Kinda a PITA, I know.... it's what I have to do if I use some of the old PSam Brass stuff.

Cheers.


----------



## OT_Tobias

soundmasterlee and RiffWraith:
Good thinking, but wrong  Capsule intelligently adapts the releases so that this exact issue does not happen.
We have had no other reports of this issue, so I am sure it is just a damaged resource container.

soundmasterlee: I replied to your first support ticket already, but you misspelled your email address so it bounced back. Please let me know if you got my second try.


----------



## SpeakPianissimoAndCarry..

To me, this library does even exist. I am so happy that all of you composers have downloaded it and are making incredible tracks with the library. I must be some kind of idiot because I cannot even get Connect to even download one of the 35 files and not stop after 70 seconds. 
[Edited by moderator]


----------



## ChazC

SpeakPianissimoAndCarry.. said:


> To me, this library does even exist. I am so happy that all of you composers have downloaded it and are making incredible tracks with the library. I must be some kind of idiot because I cannot even get Connect to even download one of the 35 files and not stop after 70 seconds. [Edited by moderator]


Why don't you just use the direct download links rather than Connect? You have both options, you don't HAVE to use Connect.

Personally until this release I've never had any real trouble with Connect. I started downloading at 7am yesterday & we're now at 9:20pm the day after & it's currently downloading a couple of parts that were corrupted. It's 75Gb, that's huge for a download only library but I went in with eyes wide open & on an ADSL2 connection I'd already prepared for 25-30hr download so although it did require a pause/reconnect a couple of times that's all par for the course on such a huge download. I also found with my ISP, Connect worked a lot better on just a single connection rather than multi in any case.

Anyway, really looking forward to getting stuck in to the library tomorrow & I applaud OT for actually making it a download as opposed to a USB/HDD purchase only. With the weak state of the AUD and the extortionate international postage rates these days I'd rather put up with a few inconveniences to get the library rather than paying through the nose for it.


----------



## OT_Tobias

SpeakPianissimoAndCarry..
I spoke to the Connect guys and they asked me to make sure that you are using the newest version of Connect.
Feel free to ping them at support at continuata dot com if the issues persist.
Quite often, as mentioned by ChazC, the manual links work wonders. You can request these via the link at the bottom of your purchase email. Unfortunately I was unable to find your order (I searched for location), so I can't send you the links myself. If you send me an email to support at orchestraltools dot com I can at least track your order and maybe find out what might be happening.


----------



## Hannes_F

Ladies and Gentlemen,
we have got multiple alerts about some post in this thread. Please regard the forum rules. Thank you.


----------



## RiffWraith

OT_Tobias said:


> soundmasterlee and RiffWraith:
> Good thinking, but wrong  Capsule intelligently adapts the releases so that this exact issue does not happen.



Ah, ok.

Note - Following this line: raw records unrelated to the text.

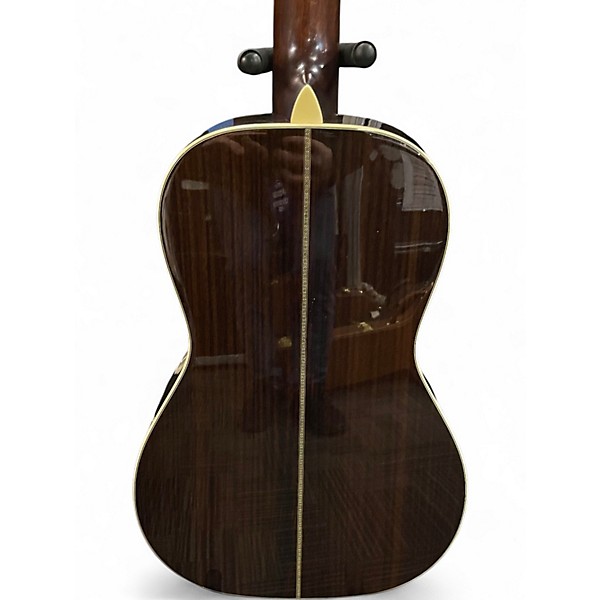 Used Eastman E20P 2 Color Sunburst Acoustic Guitar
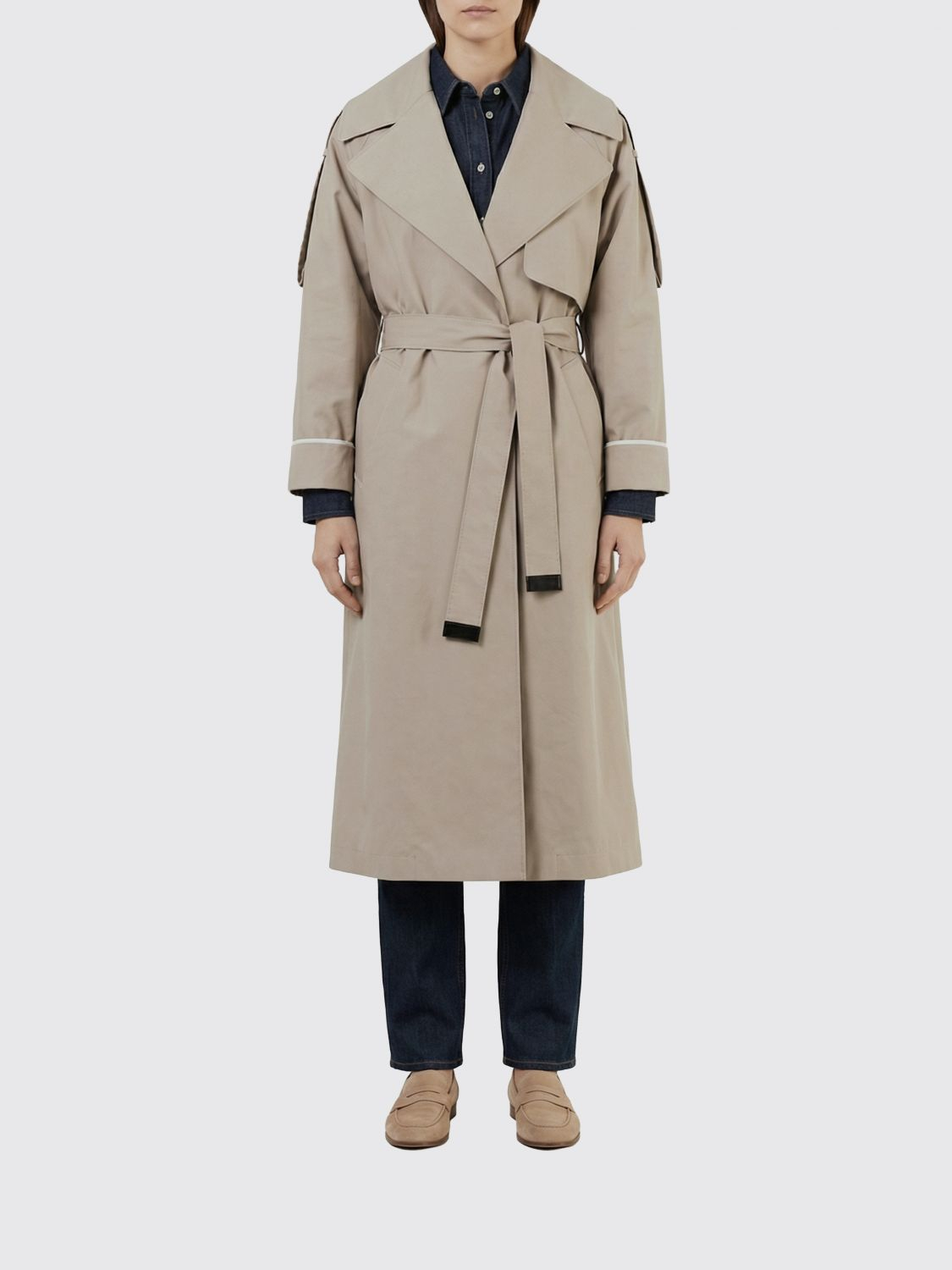 [MAX MARA THE CUBE] Trench Coat SS26 2619021014600 013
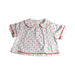 A White Short Sleeve Shirts from Seed in size 3T for girl. (Front View)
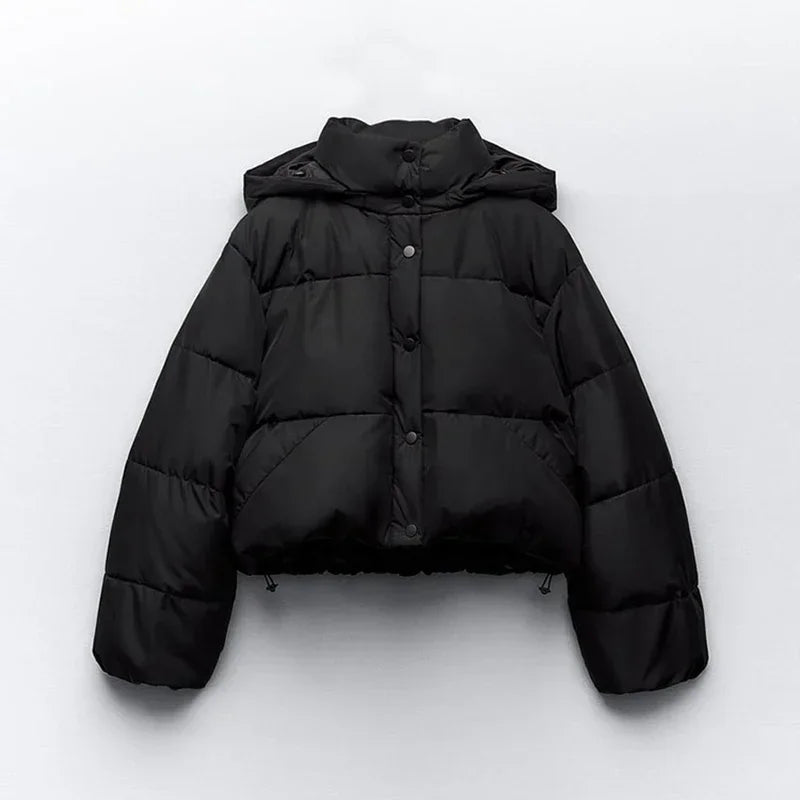 Mia – Black Puffer Jacket for Women - Stylish & Warm | Winter Coat 5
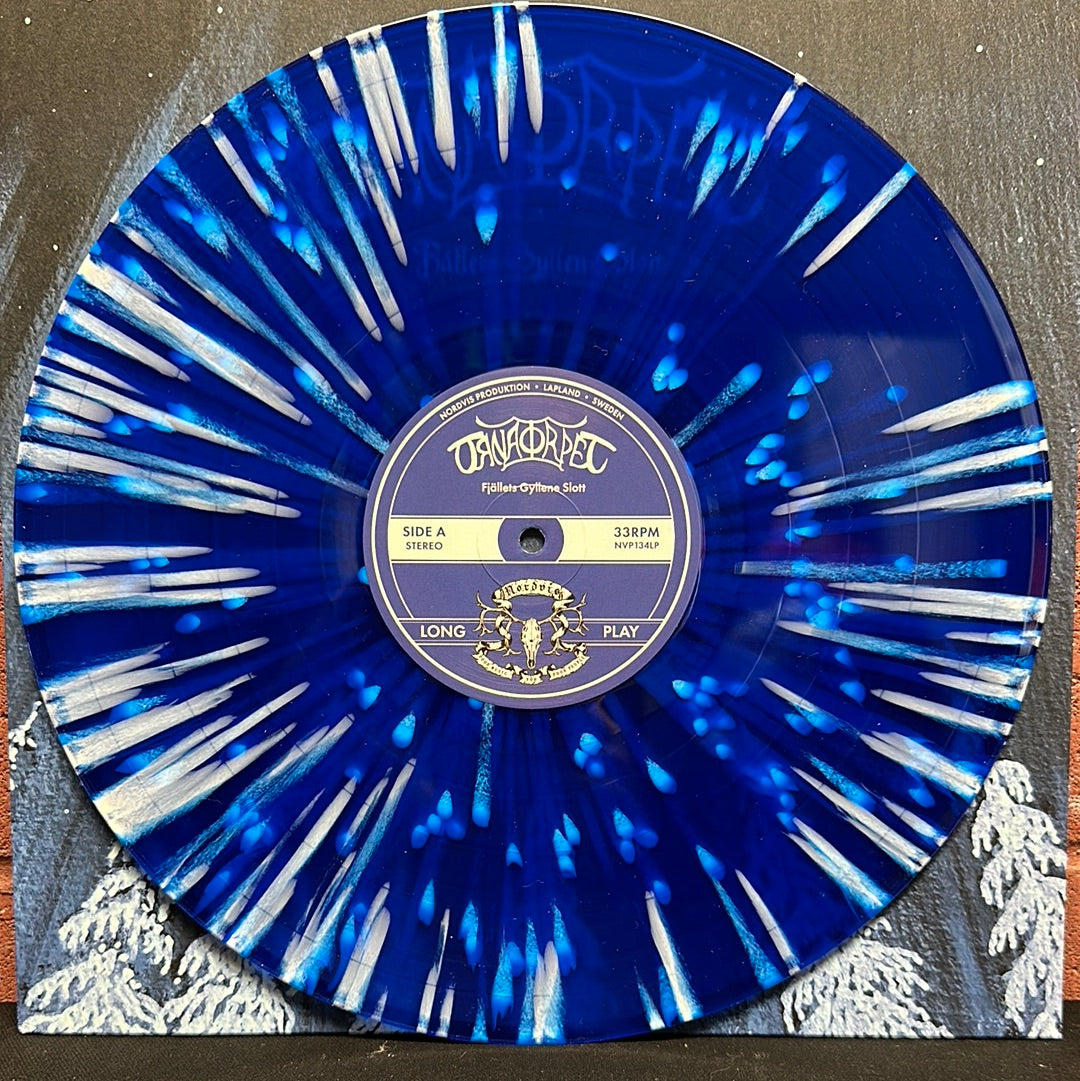 Used Vinyl:  Örnatorpet ”Fjällets Gyllene Slott” LP (Blue white splatter vinyl)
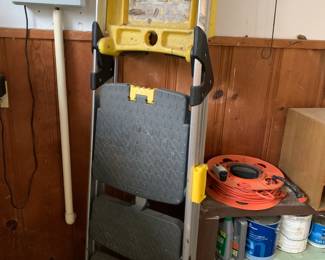 #107 Costco 3 step Painters Ladder $30.00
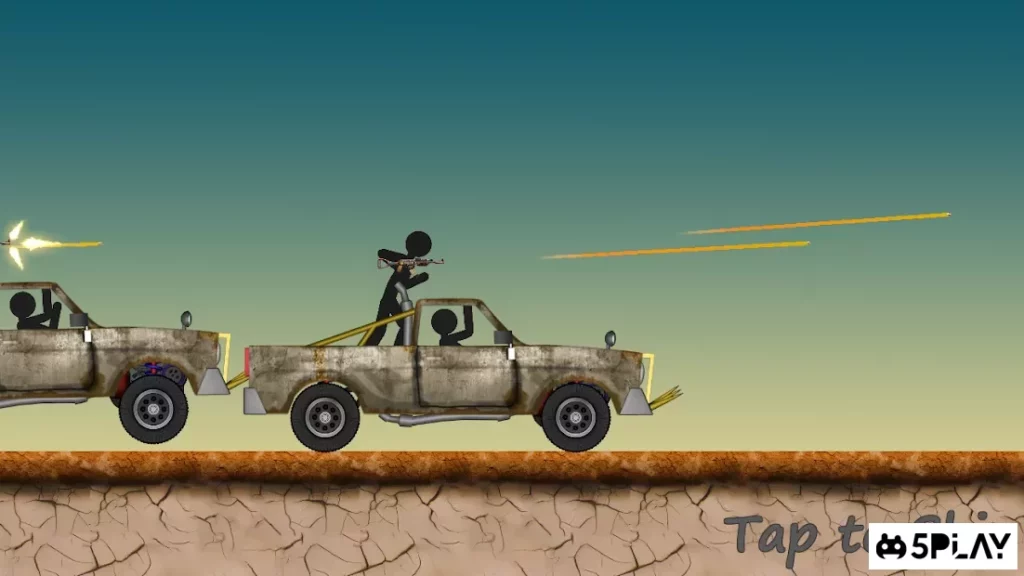 Stickman Annihilation II screenshot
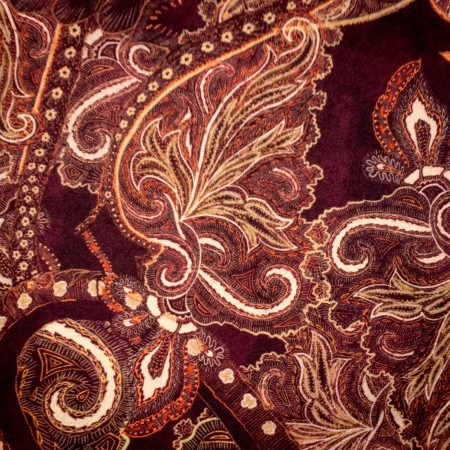 Estampado Cachemir Tonos Tierra Savanna Cashmere
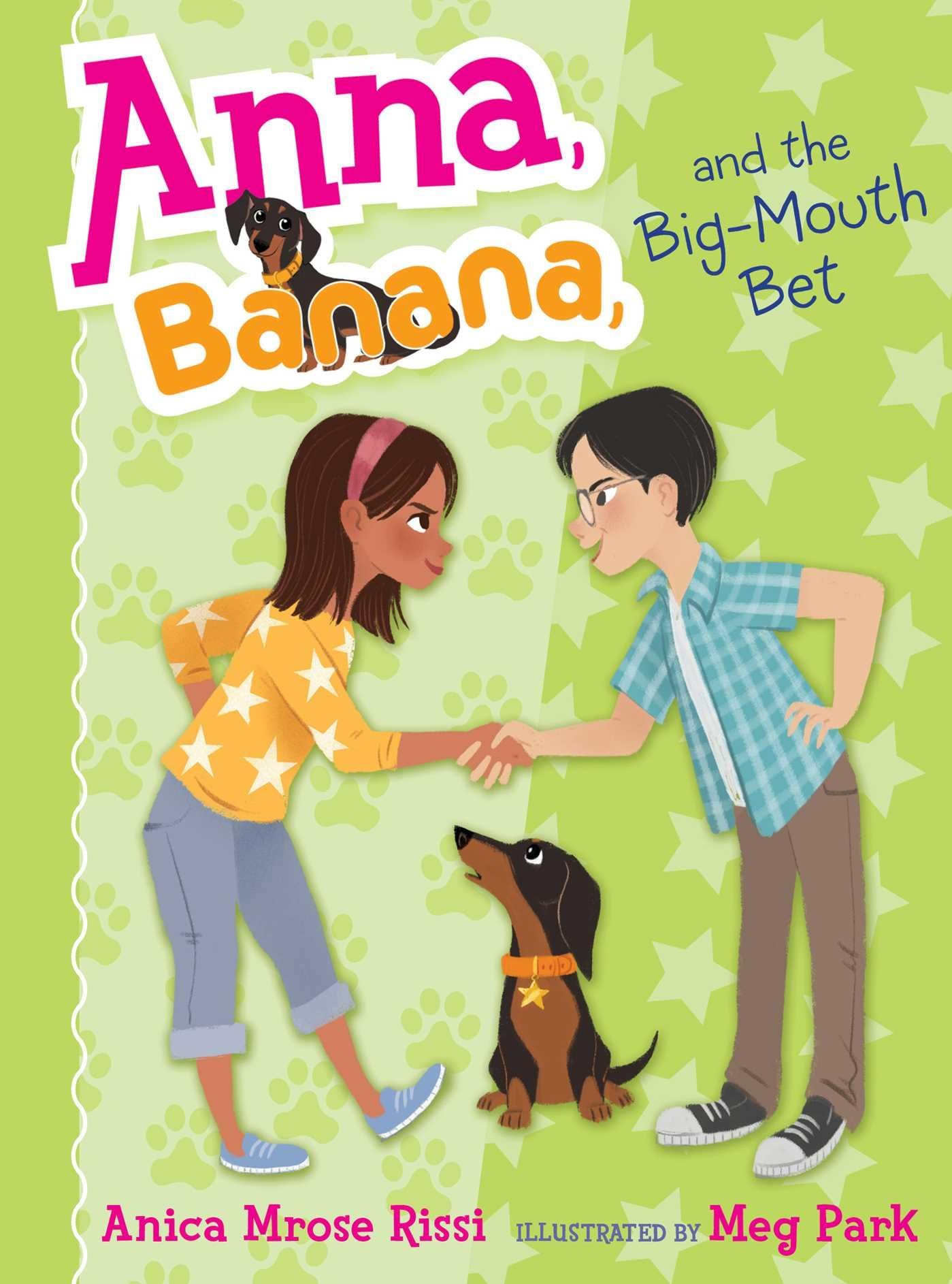 Anna, Banana, and the Big-Mouth Bet (Volume 3) Non-fiction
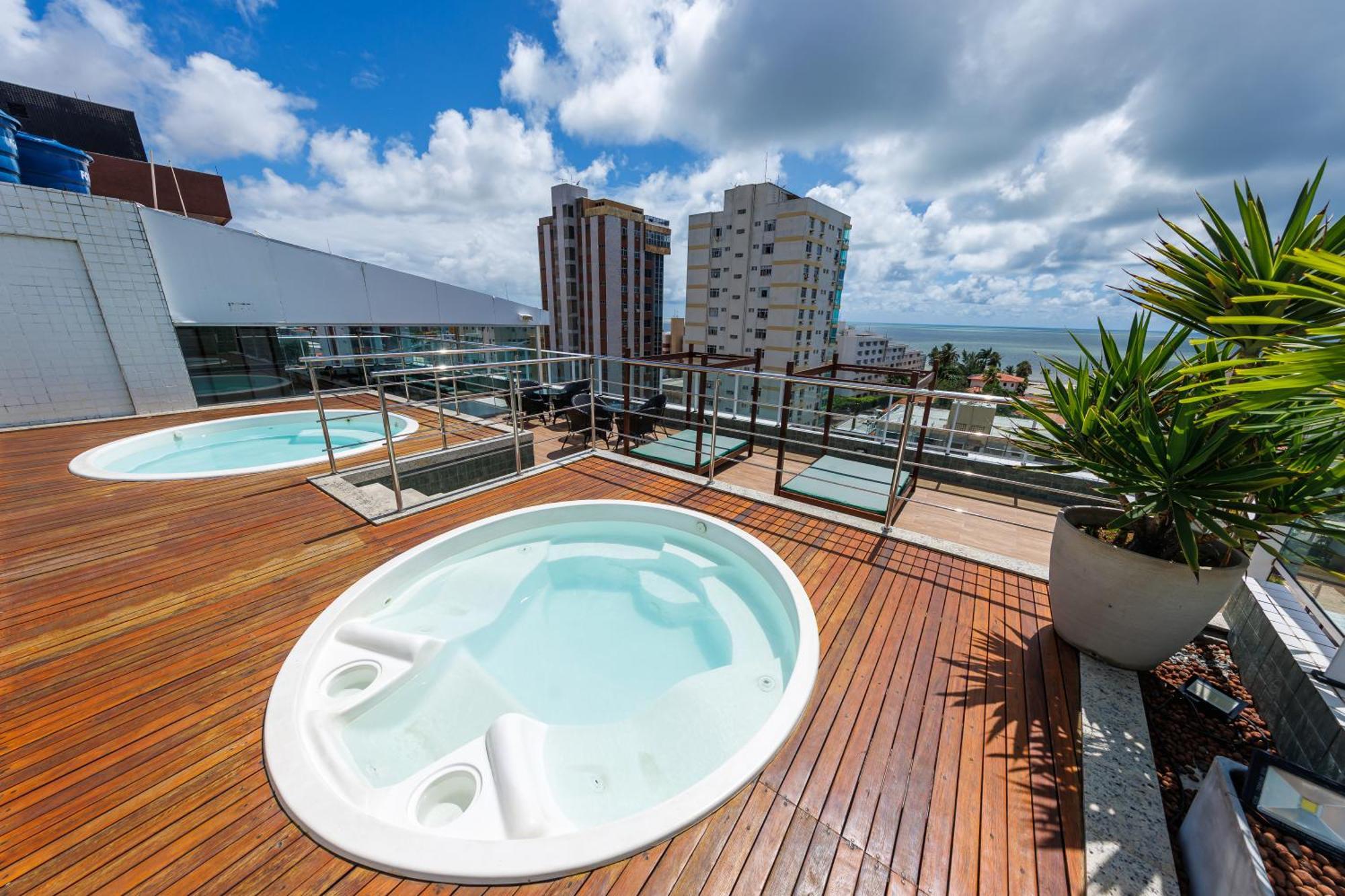 Hotel Village Confort Joao Pessoa Ngoại thất bức ảnh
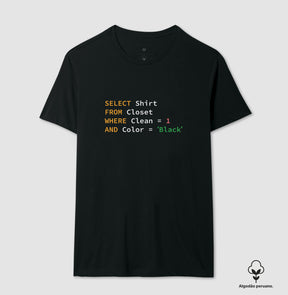 Camiseta Premium SQL Select Shirt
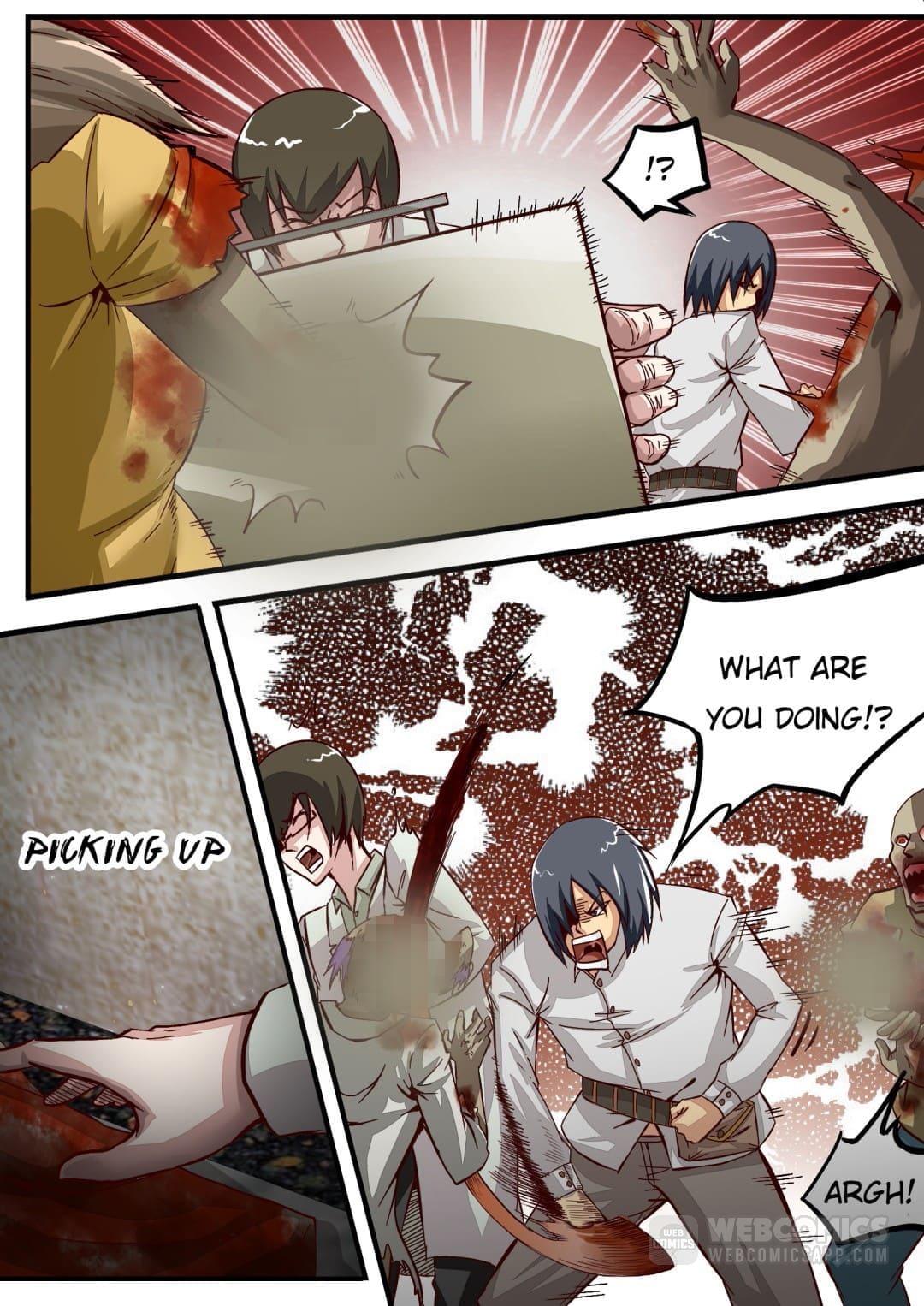 Read Zombie Breakers chapter 52 image 6 on Lezhin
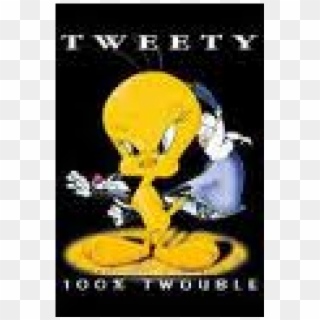 Tweety 100p Twouble, HD Png Download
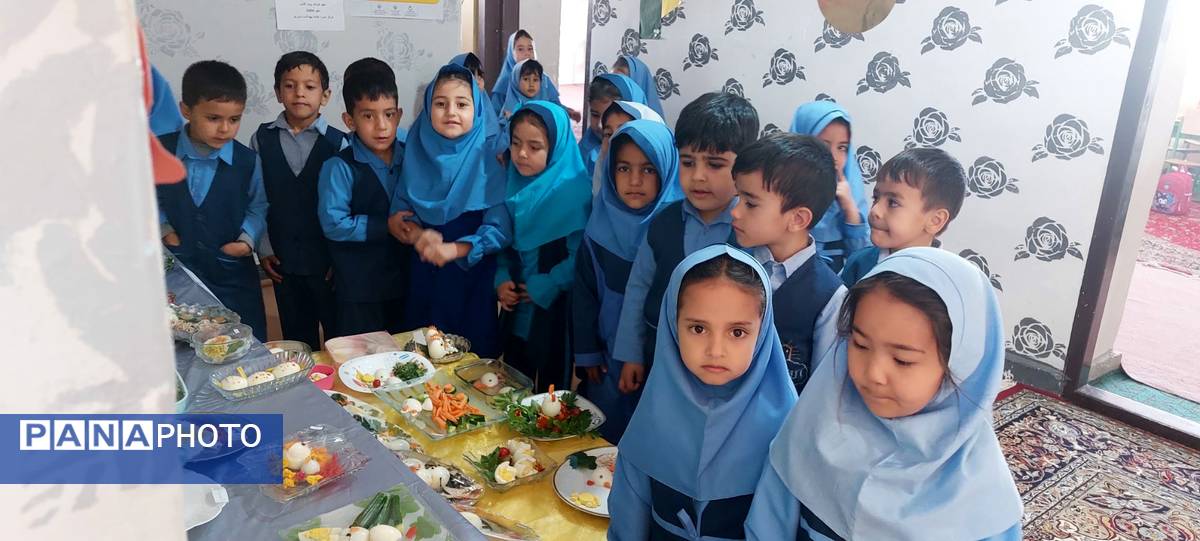 جشن روز جهانی تخم مرغ در کودکستان آفتاب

Thought I'd give it a try


----------



## ModalRealist

Most fun fifteen minutes I've had in Cubase?


----------



## paulmatthew

ChazC said:


> Why don't you just use the direct download links rather than Connect? You have both options, you don't HAVE to use Connect.
> 
> Personally until this release I've never had any real trouble with Connect. I started downloading at 7am yesterday & we're now at 9:20pm the day after & it's currently downloading a couple of parts that were corrupted. It's 75Gb, that's huge for a download only library but I went in with eyes wide open & on an ADSL2 connection I'd already prepared for 25-30hr download so although it did require a pause/reconnect a couple of times that's all par for the course on such a huge download. I also found with my ISP, Connect worked a lot better on just a single connection rather than multi in any case.
> 
> Anyway, really looking forward to getting stuck in to the library tomorrow & I applaud OT for actually making it a download as opposed to a USB/HDD purchase only. With the weak state of the AUD and the extortionate international postage rates these days I'd rather put up with a few inconveniences to get the library rather than paying through the nose for it.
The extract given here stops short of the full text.